Victory, it is said, has a thousand fathers. Baseball, too.
Daniel Lucius “Doc” Adams is, for reasons passing understanding, without tangible recognition in Cooperstown, despite being a highly significant contributor to baseball’s genesis. It is not an uncommon tale, of course. The specter of Gil Hodges, an evergreen topic for debate about Hall of fame inclusion, stands on the sidelines of 25 Main Street as thousands trek yearly to this bucolic village in upstate New York, pay homage to baseball’s icons, and gander at plaques honoring Jackie Robinson, Pee Wee Reese, and several other boys of summer. This, regardless of membership on seven consecutive National League All-Star teams, seven consecutive years of 100 or more RBI, and a managerial career noted for turning around the woes of the New York Mets—his efforts culminated in the 1969 World Series championship.
Charles Ebbets, the Brooklyn Dodgers owner who conceived Ebbets Field—and sacrificed half his ownership to finance the ballpark—does not have a plaque at the Hall of Fame. Quincy Trouppe, a standout from the Negro Leagues, often occupies a spot in Hall of Fame debates.
Adams’s denial, to date, contrasts the honor given to some of his 19th century brethren.

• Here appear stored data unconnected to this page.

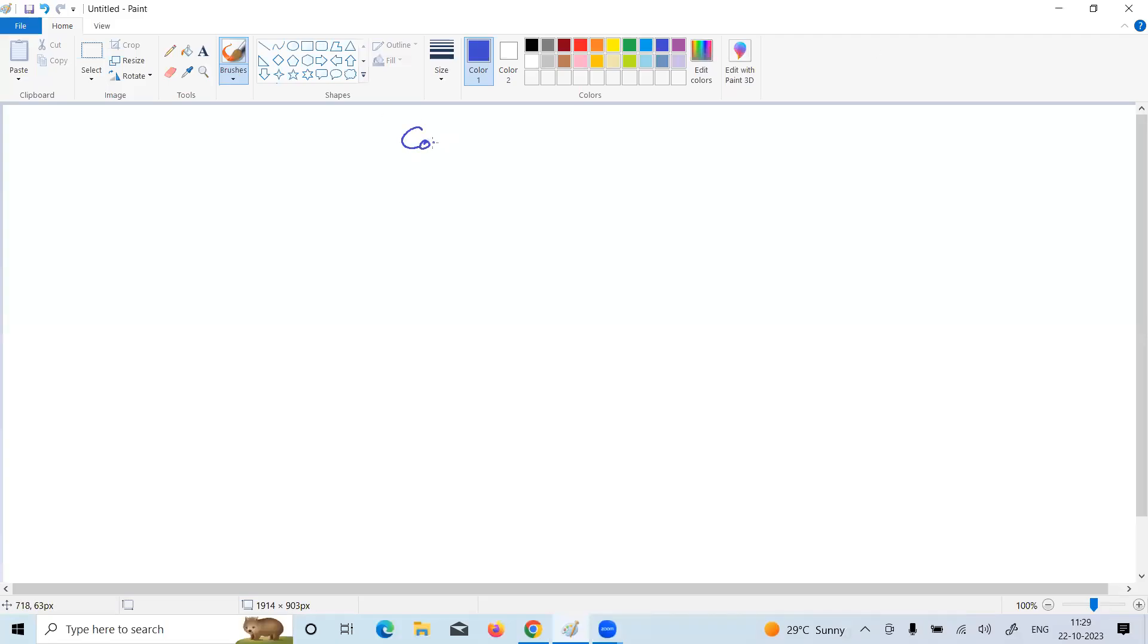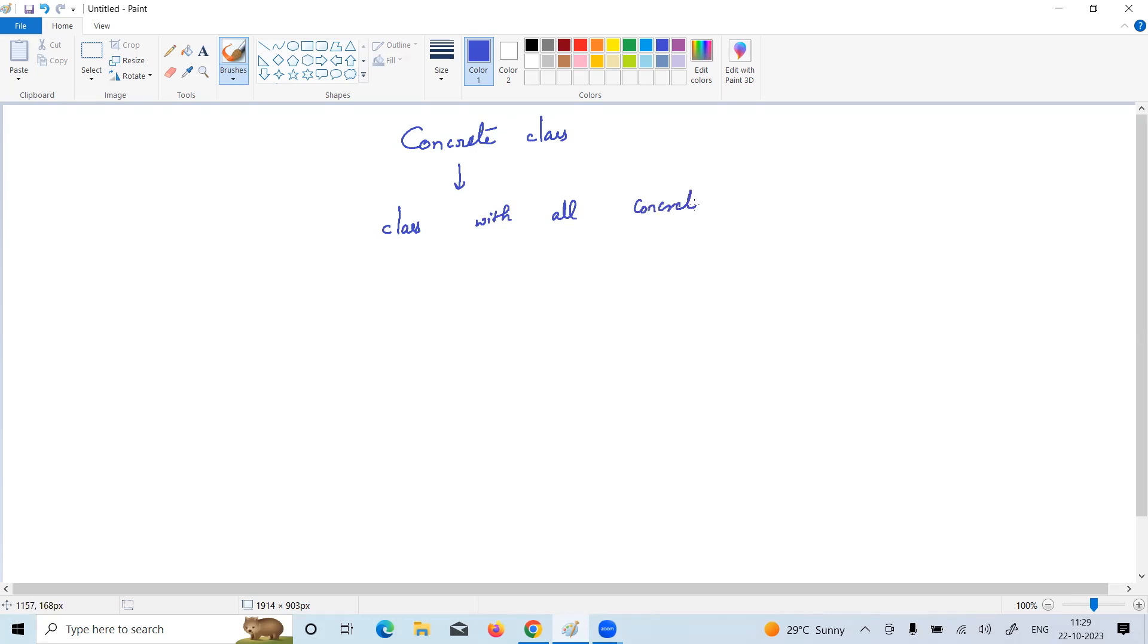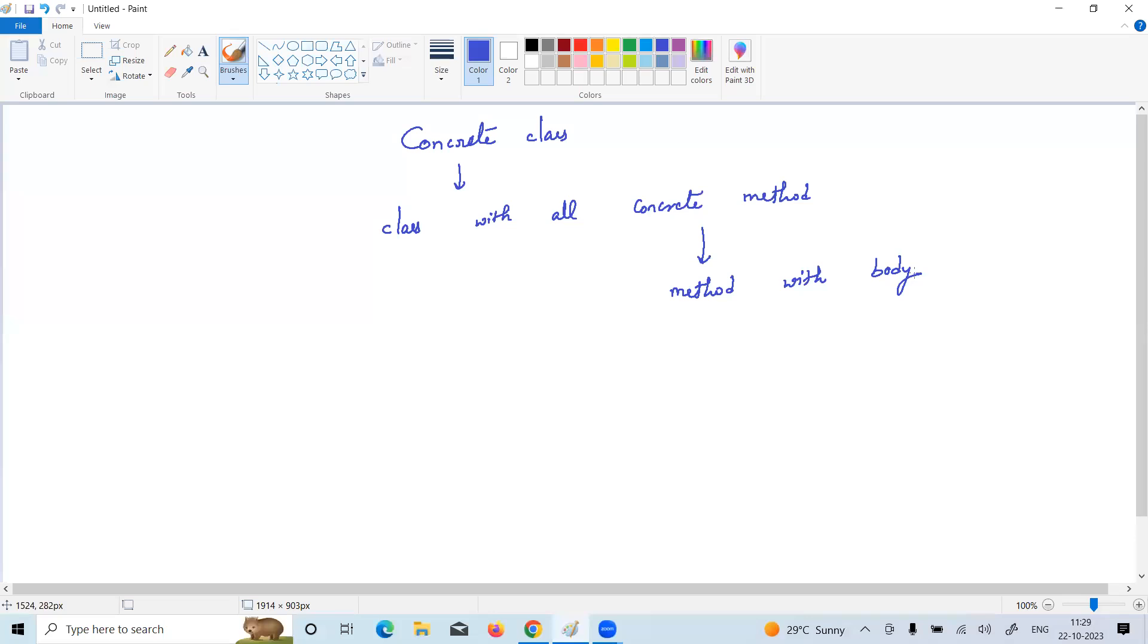What is a concrete class? A concrete class is a class with all concrete methods only. So what is a concrete method? A concrete method is a method with body, with the definition. This is called a concrete class. All the normal classes we define are called concrete classes only.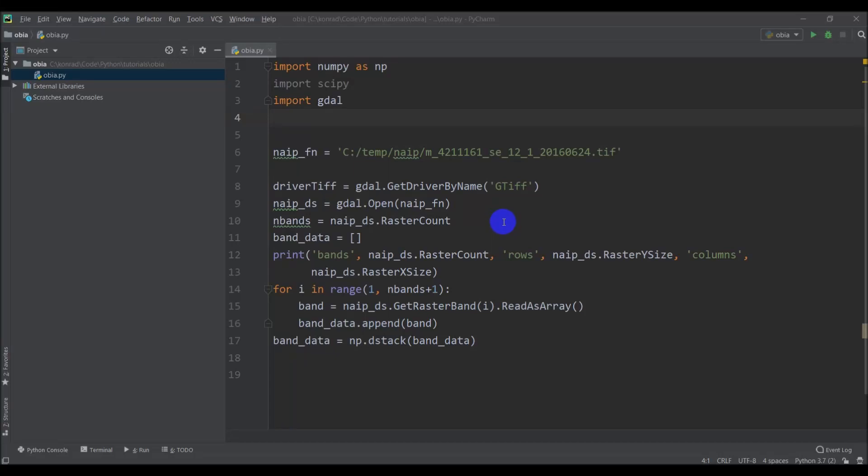Alright, so in the last video we got our NAEP data loaded in with Python. Now we're going to start working with it to create some segments, which are those objects instead of pixels that we can then classify. So let's add some imports. We can get rid of import scipy.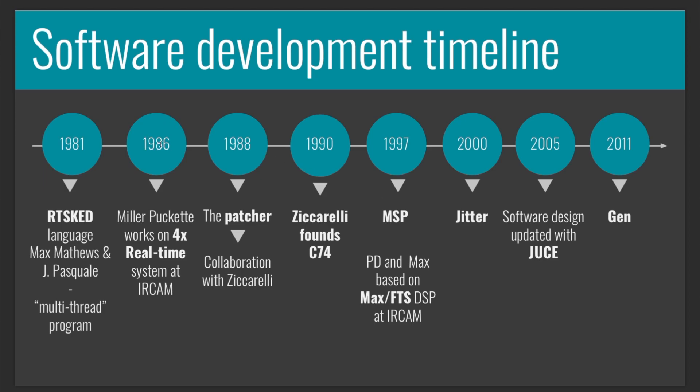In 1986, Miller Puckette was influenced by RTSKED when he was working at IRCAM, a laboratory of research based in Paris. And he was working on this 4X real-time system, which was a collection of multiple computer disks, modern Sun workstations, another computer for real-time, some disk controller, and the real-time digital signal processor. So there were a bunch of computers talking to each other, a specialized hardware that was doing some signal processing, and a general purpose computer that talked to it.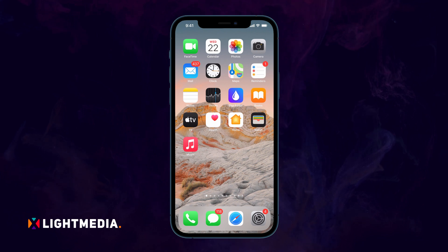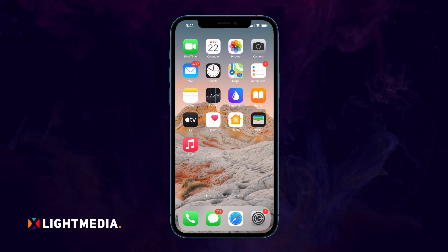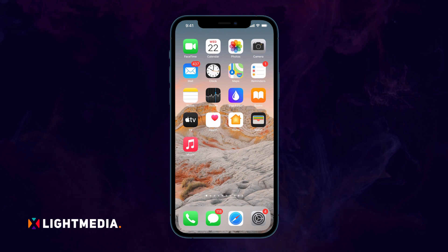Welcome to another tutorial of Xlight Media. Today, I'll show you how to pixelate a face on your iPhone using the Blur Photo Editor app.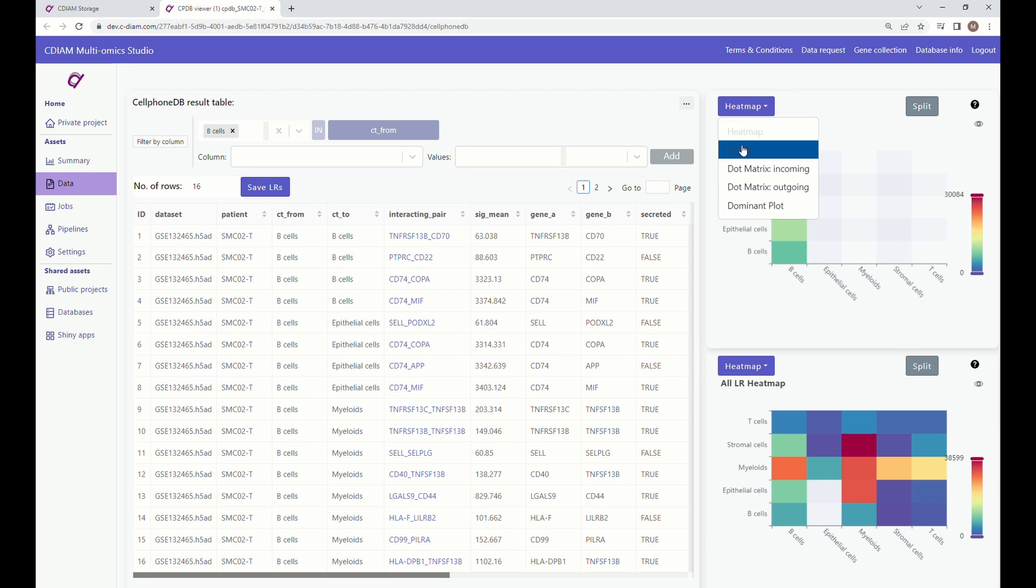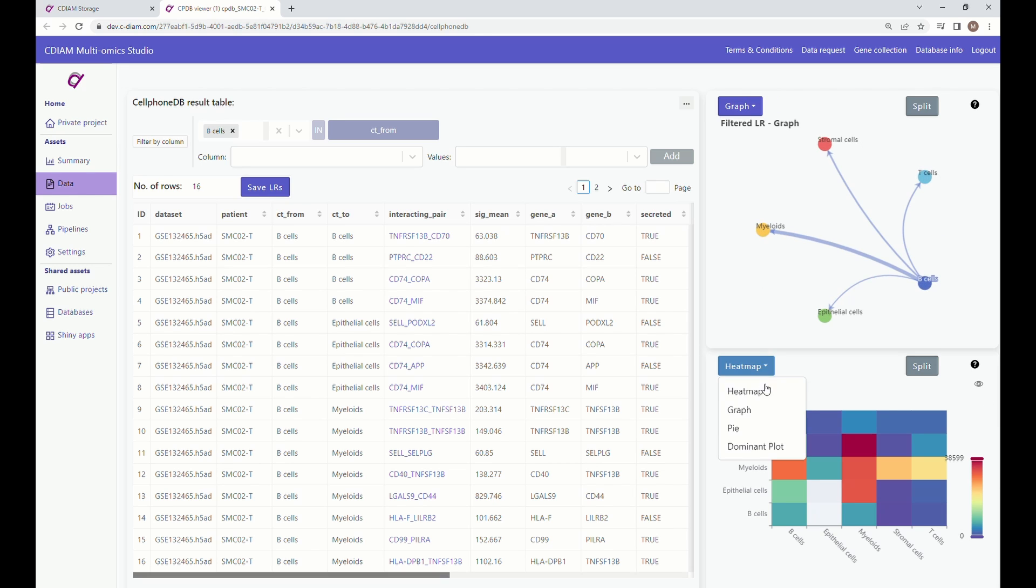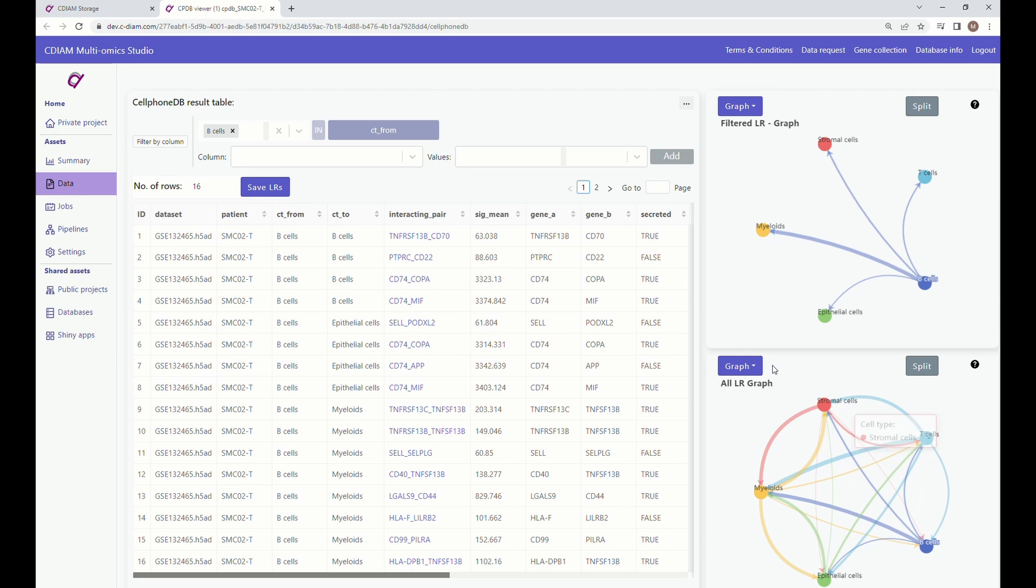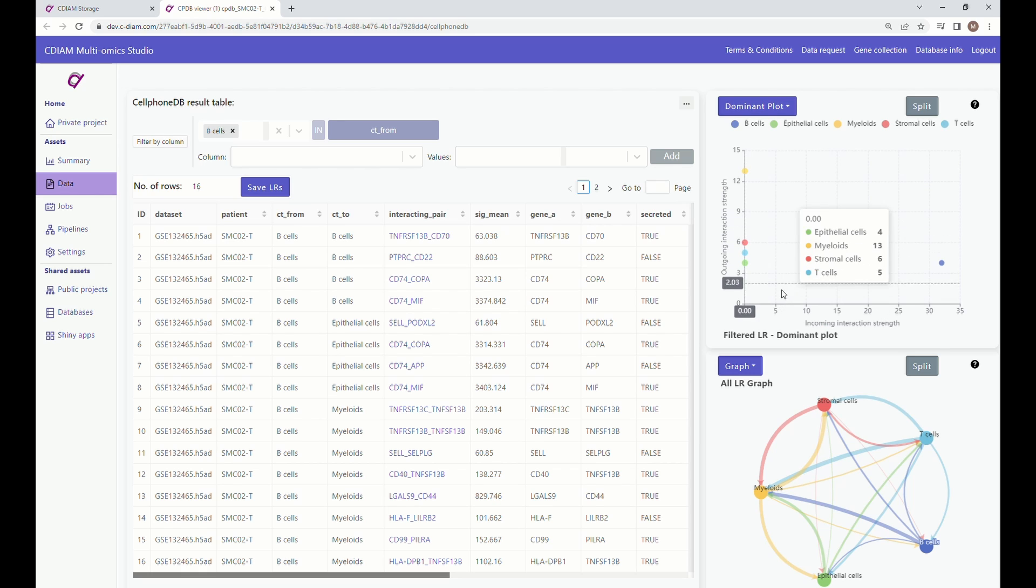You can also change to graph option for better visualization. In the dominant graph, you can see the number of outgoing and incoming interactions for each cell type.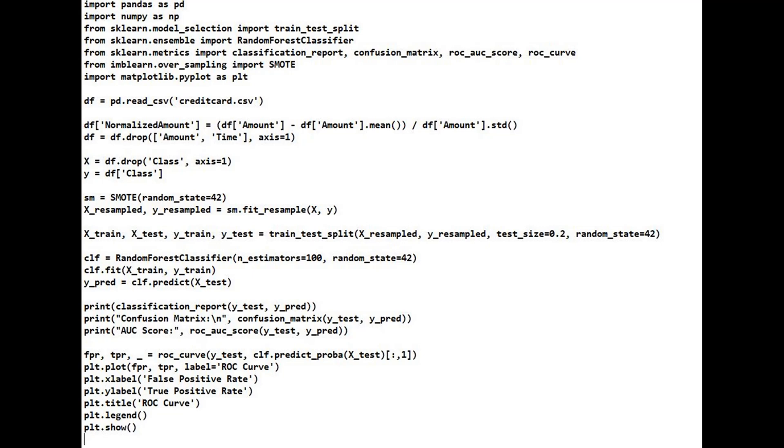Finally, predict_proba(X_test) gets the probability of class 1, fraud. roc_curve computes false positive rate (FPR) and true positive rate (TPR). plt.plot visualizes the ROC curve to evaluate classification performance.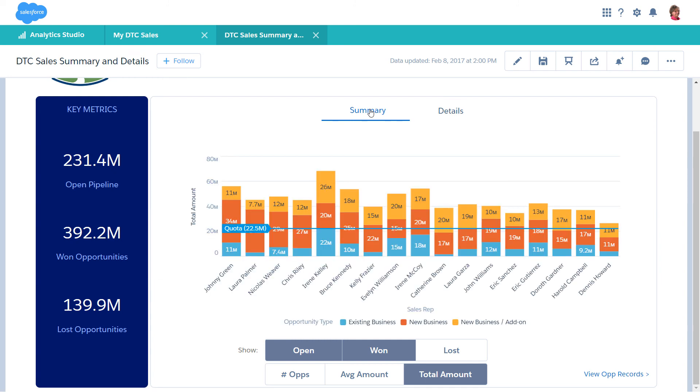To let users jump to a page, dashboard, lens, step, or even URL, use a link widget.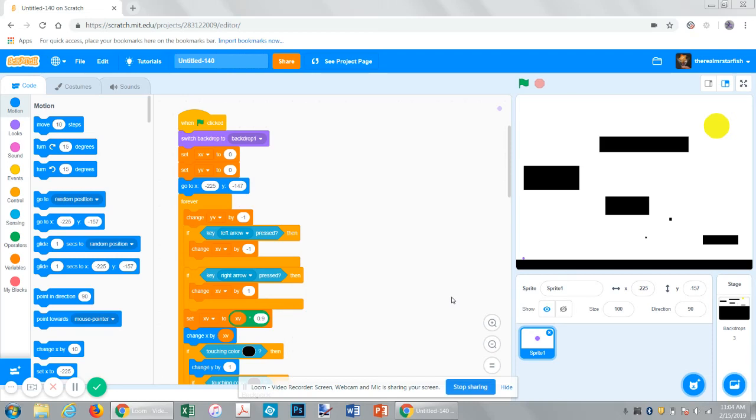Hello everyone, this is going to be another Scratch tutorial. I know I haven't released a video in a really long time.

In his 2011 book Baseball in the Garden of Eden: The Secret History of the Early Game, John Thorn, Major League Baseball’s Official Historian, wrote that the Mills Commission’s report, which, inaccurately, credited Abner Doubleday with a primary role in baseball’s creation, failed to highlight “William Rufus Wheaton or Daniel Lucius Adams, recently revealed to be larger figures in baseball’s factual beginnings than either [Alexander] Cartwright or Doubleday.”
Adams has been “recently revealed to be larger figures in baseball’s factual beginnings than either [Alexander] Cartwright or [Abner] Doubleday.”
Indeed, Adams’s role in baseball’s ur-phase, emerging through the dedication of Thorn and other baseball archaeologists, remained, until the latter part of the 20th century, mostly obscured by Cartwright’s vaunted position as the father of the National Pastime and the legend, long since debunked as myth, that Doubleday designed the game’s blueprint.
It was Adams, however, who set the 90-foot length between bases.
It was Adams, however, who helped shape baseball’s rules as president of the Knickerbockers, a team with historical prestige for playing in what was, seemingly, if not concretely, the first organized baseball game—it took place in Hoboken in 1846.
It was Adams, however, who set the number of players at nine.
It was Adams, however, who conceived of a game lasting nine innings.
Teetering on the edge of Cooperstown, Adams is becoming decreasingly enigmatic and increasingly valuable in determining baseball’s genesis, evolution, and governance. In 2015, the Hall of Fame’s Pre-Integration Committee disclosed that Adams received 10 votes of 16—two votes short of the 12 needed for membership; the Society for American Baseball Research Overlooked 19th Century Base Ball Legends Committee named Adams its 2014 legend.
Adams’s effect manifested in a 2016 auction for his handwritten “Laws of Base Ball,” which SCP Auctiosn sold for $3.26 million.
A version of this article appeared on www.thesportspost.com on January 3, 2017.